Many IPP prisoners have served ten or more years beyond their original tariffs, enduring indefinite detention marked by bureaucratic obstruction, repeated parole refusals, and lack of access to required rehabilitation courses.

Grounds for the Complaint

The complaint asserts that the IPP regime breaches the United Kingdom’s obligations under the following articles of the International Covenant on Civil and Political Rights (ICCPR):

Article 9 -Protection against arbitrary detention

Article 7 - Prohibition of inhuman or degrading treatment

Article 10 -Right to humane treatment in detention

The submission highlights that the UK’s continued justification of IPP detention through risk-based and speculative assessments represents a fictional form of justice detaining individuals not for what they have done, but for what they might do in the future.

Key Findings and Claims

Arbitrary Detention: Continued imprisonment after tariff expiry violates the core prohibition against arbitrary and indefinite detention.

Inhuman and Degrading Treatment: The psychological impact of indefinite uncertainty, combined with systemic obstacles to release, constitutes cruel and degrading treatment.

Denial of Remedy: The UK’s refusal to provide resentencing or a statutory release framework perpetuates an ongoing human rights violation.

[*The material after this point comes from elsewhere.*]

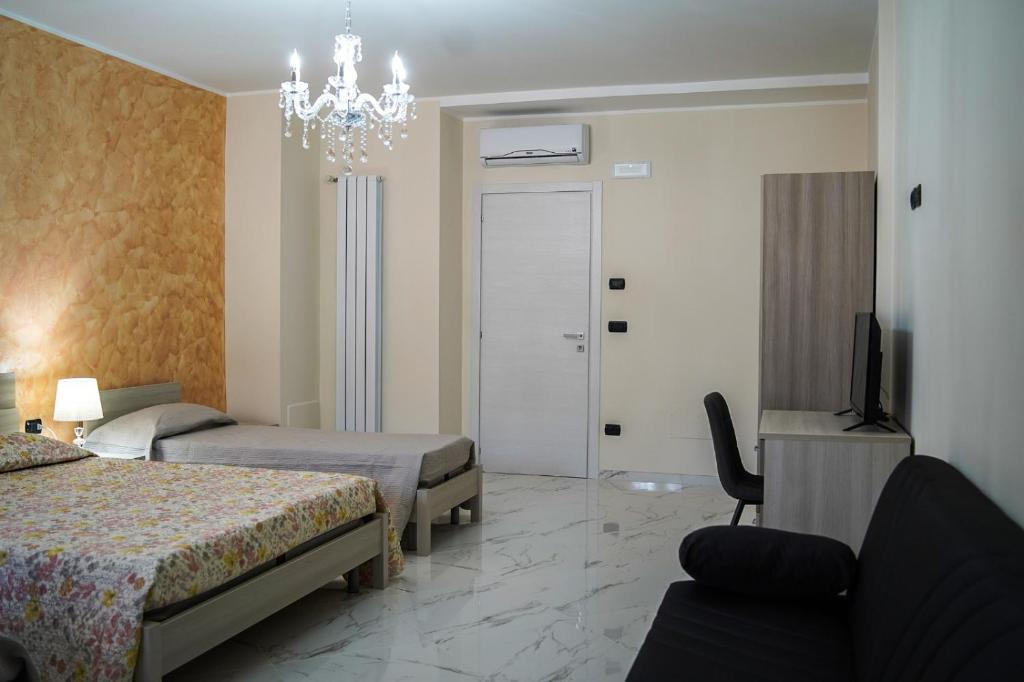 a hotel room with two beds and a chandelier at Demetra Azienda Agricola in Padula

Discriminatory Impact: IPP prisoners and licences are treated unequally before the law, excluded from the protections afforded to all other sentenced prisoners.

What the Complaint Seeks

The complaint asks the UN Working Group on Arbitrary Detention to:

Recognise that the continued detention of IPP prisoners is arbitrary and unlawful under international law;

Recommend that the UK government immediately resentence and release all remaining IPP prisoners;

Call for the abolition of IPP licence conditions that amount to ongoing social control;

Urge the UK to provide reparations, rehabilitation, and public acknowledgment of the systemic harm caused by the IPP regime.

A Collective Act of Resistance

This submission represents the first international legal action of its kind against the UK government’s continued use of the IPP sentence.

It was prepared and served by myself (Bernadette Emerson), fellow campaigners from across the IPP justice movement, and an international human rights barristers, in collaboration with affected families.

Together, we are calling on the United Nations to hold the UK accountable for the ongoing arbitrary detention, psychological harm, and institutional cruelty inflicted on IPP prisoners.